Core investments include being part of the consortium that bought water supplier Anglian Water. “We also, with a consortium, acquired Eversholt Rail, which is one of the three leading rail rolling stock companies in the UK,” says Mr Loomes. Typically, 3i Infrastructure will invest between £100m and £250m in each core deal, he explains.

The trust also invests in private finance initiative (PFI) or public-private partnership (PPP) agreements, which are much smaller. He says: “In the more recent part of our strategy, which is to invest in primary PPP, we might invest anywhere between £5m and £25m, so it’s a smaller ticket size but we tend to do more deals by number.

“What I mean by primary PPP is that is these are concession-based projects, not businesses. They can be schools, hospitals, roads – in some cases we look at renewable energy projects as well. So they’re backed by the government or local authority.

“We think they’re interesting because we have a platform here which has a very long-term track record of investing in those sorts of projects across Europe, and we can invest at the point where we can form a consortium that will undertake the design of the project and construction through to operation. It’s at those early stages of investing that we can attract higher returns than you would get if you bought the project once it was already operational.”

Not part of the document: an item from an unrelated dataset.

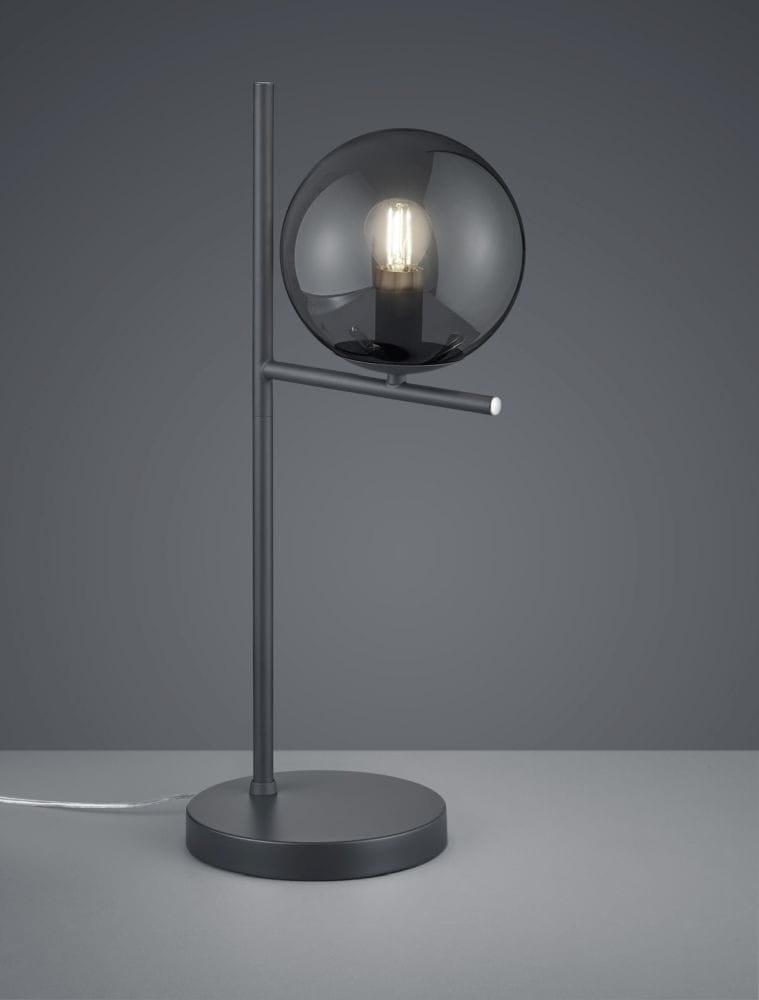Lampa stołowa Pure 1-punktowa w kolorze antracytowym. Posiada okrągły klosz z ciemnego szkła oraz prostą, metalową podstawę. Ujęcie frontalne, lampa stoi na płaskiej powierzchni, z widocznym przewodem.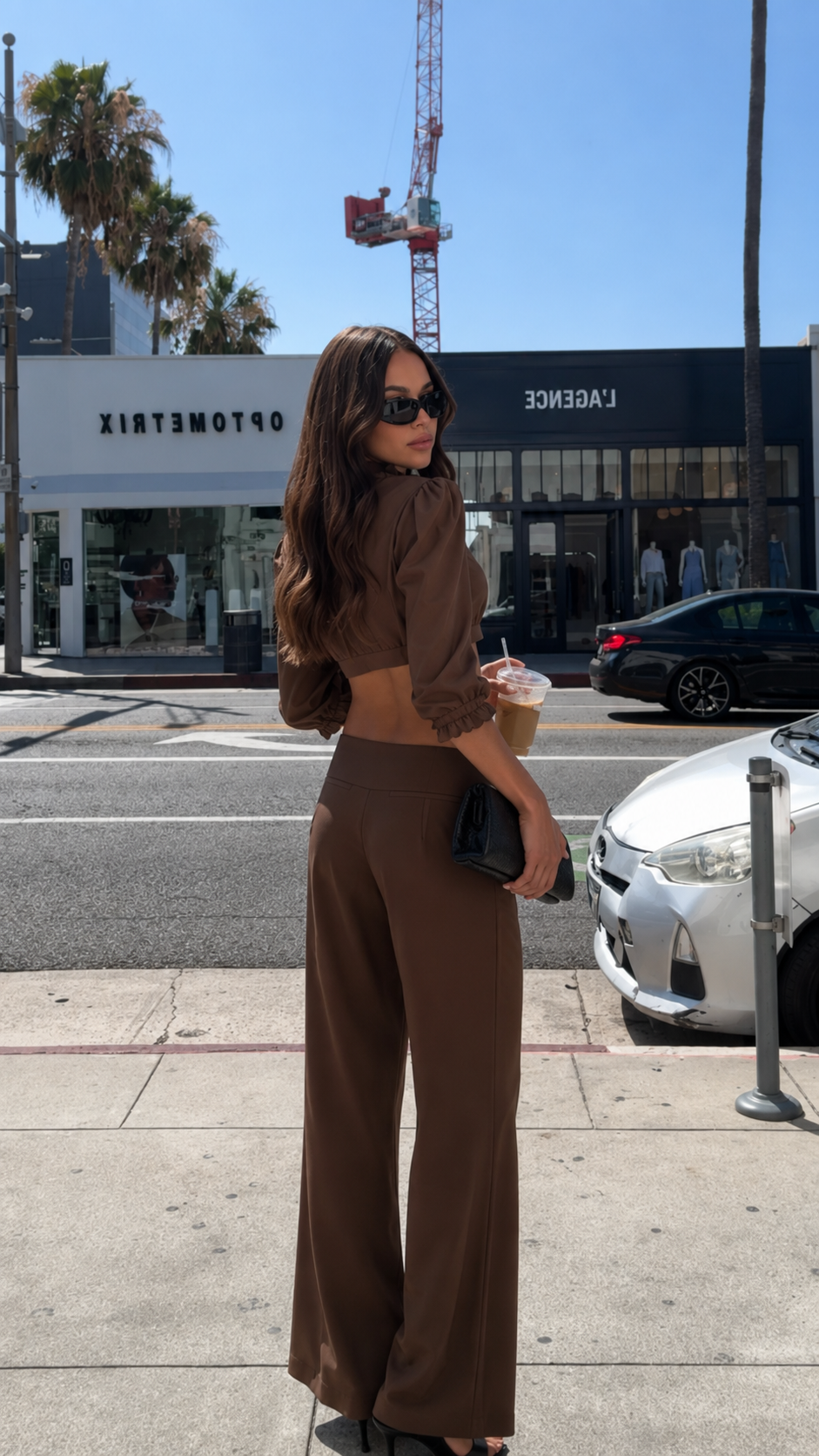 Back view of chocolate brown cropped puff sleeve top and matching wide leg pants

Mr Loomes says the investment trust is looking for a stable and attractive yield, plus capital growth over the longer term. Its total return target is 10 per cent and its annual yield target is 5.5 per cent. At the end of its financial year to March 31 2014, the portfolio had 50 per cent in utilities, 38 per cent in transportation and 12 per cent in PPP.

Before making an investment, the trust considers macroeconomic factors such as inflation and currency. When investing in a local market, local macro conditions will come into play.

The investment trust has ongoing charges of 1.48 per cent.

Turning to the investment trust’s performance, Mr Loomes says: “The European portfolio has performed very well both in the short term and in the long term. Since the vehicle was listed in 2007 through to March 31 this year, the long-term performance has been an annualised return of 15 per cent. That’s the average annual return.”